Hams often generate a pseudo AM signal that can be demodulated by an envelope detector, by re-inserting carrier in an SSB transmitter.
If you are using an envelope detector, the case of demodulating SSB-AM is different to DSB-AM.
In the case of DSB-AM with sine wave modulation, the effect of the carrier vector, and the two counter rotating sideband vectors is that the envelope of the wave is directly proportional to the modulating signal (subject to the quality of the modulator of course).
In the case of SSB-AM with sine wave modulation, the effect of the carrier vector, and just one rotating sideband vector is that the envelope of the wave is not directly proportional to the modulating signal, it is distorted.

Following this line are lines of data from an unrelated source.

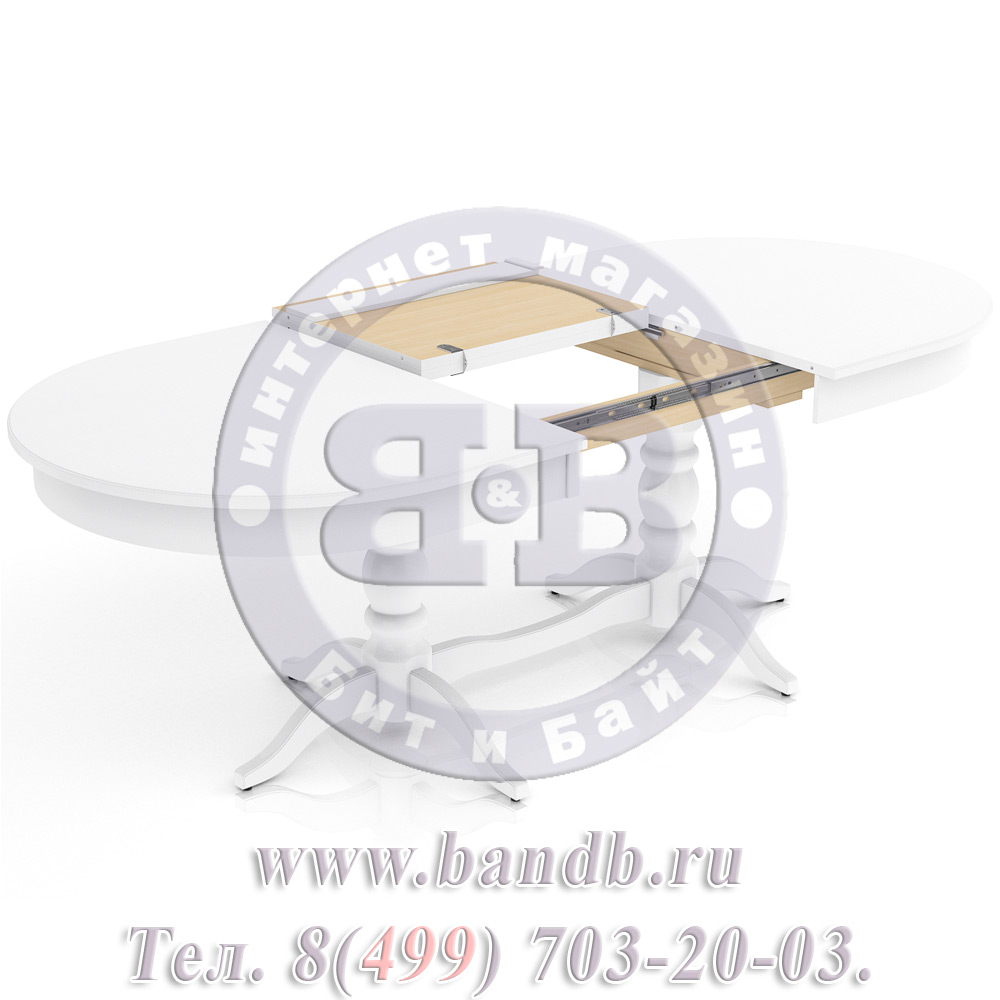 Стол раскладной массив столешница МДФ Кингли 1 Р, цвет RAL9003 Картинка № 5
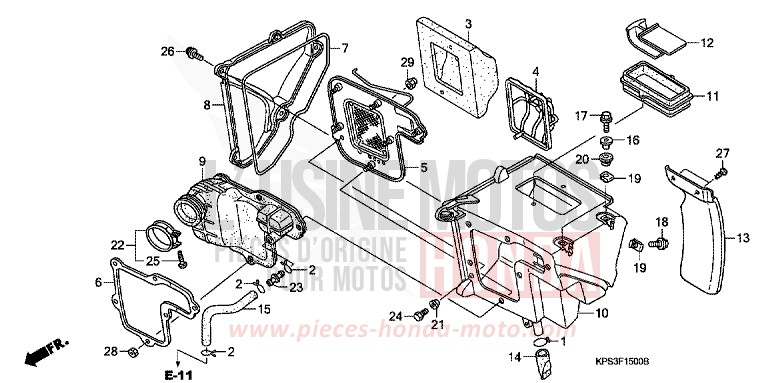 FILTRE A AIR de CRF230F EXTREME RED (R292) 2009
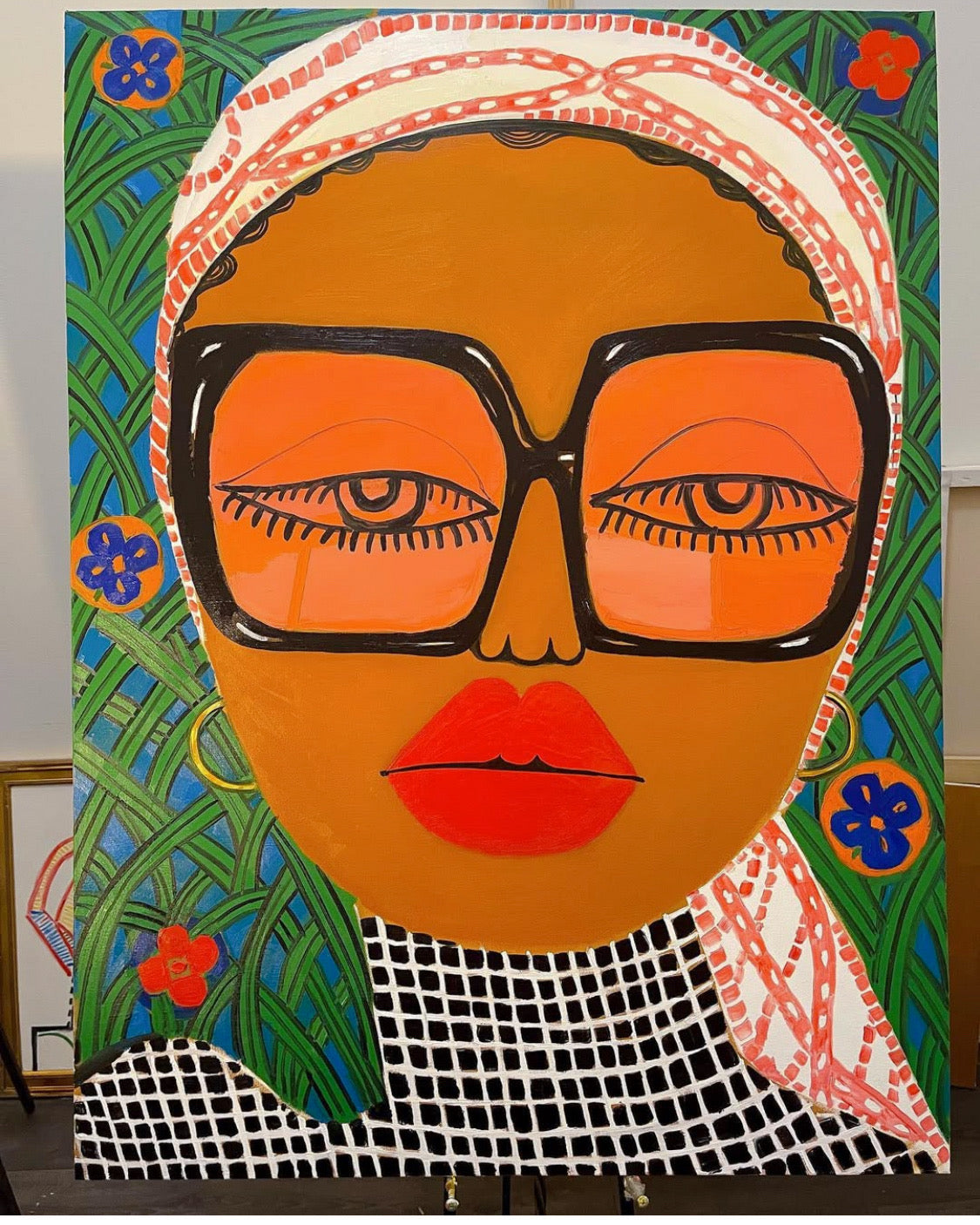 Original 4ft oil painting on canvas titled “Growing”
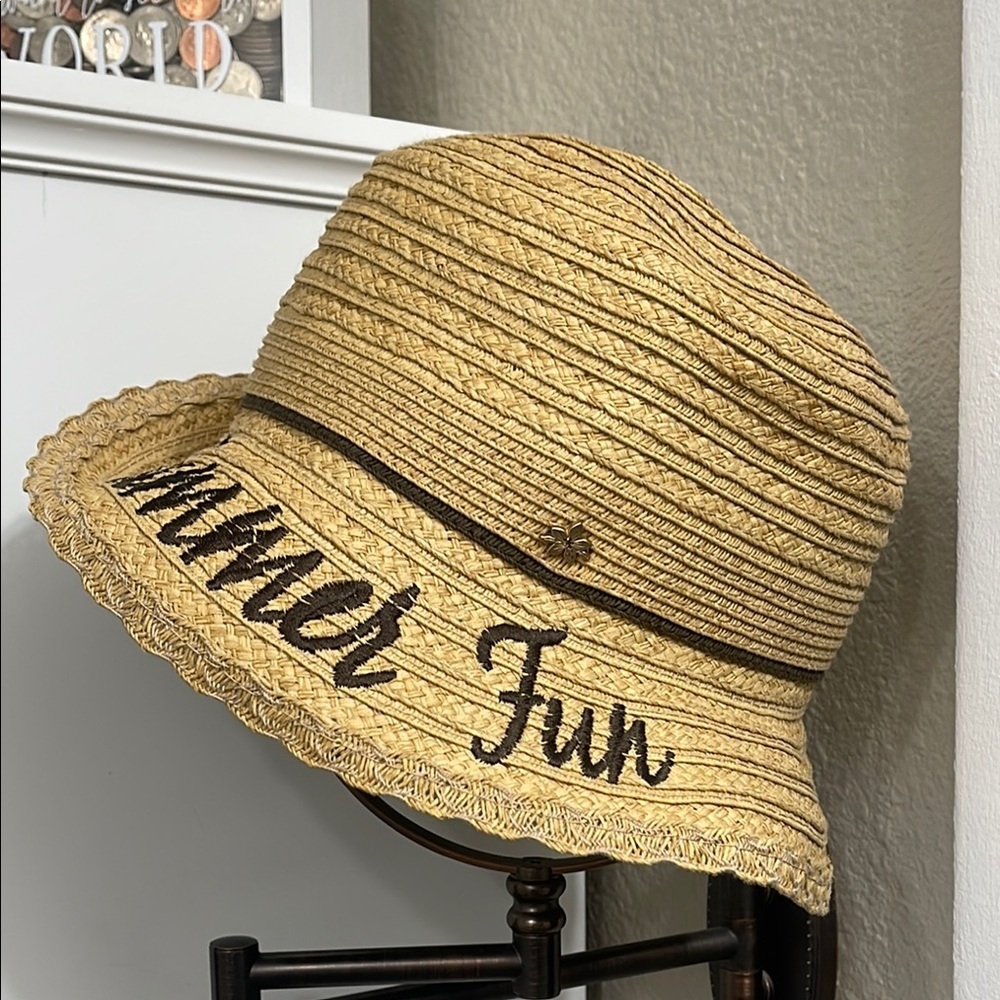 Cappelli Straworld Tan and Black Sun Hat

The graph above shows the modulating waveform and the voltage that would be obtained from an ideal envelope detector for a modulation index (m) of 1. (Modulation index in the SSB AM wave is taken to mean the ratio of the sideband voltage to the carrier voltage.) The extent of the distortion is dependent on the modulation level, and Fourier analysis of the waveform gives THD with an ideal envelope detector as 22%.
Now, envelope detectors suffer a number of problems, but on strong signals, this distortion exceeds the diode non linearity and detector slew rate distortion inherent to envelope detectors.
The graph above shows the lower distortion when modulation index is reduced, in this case to 0.25 which gives THD=6.2%. However, such a signal has a PEP of 56% higher than the carrier power, and sideband power of just 6% of the carrier power. It is not a very effective or efficient solution.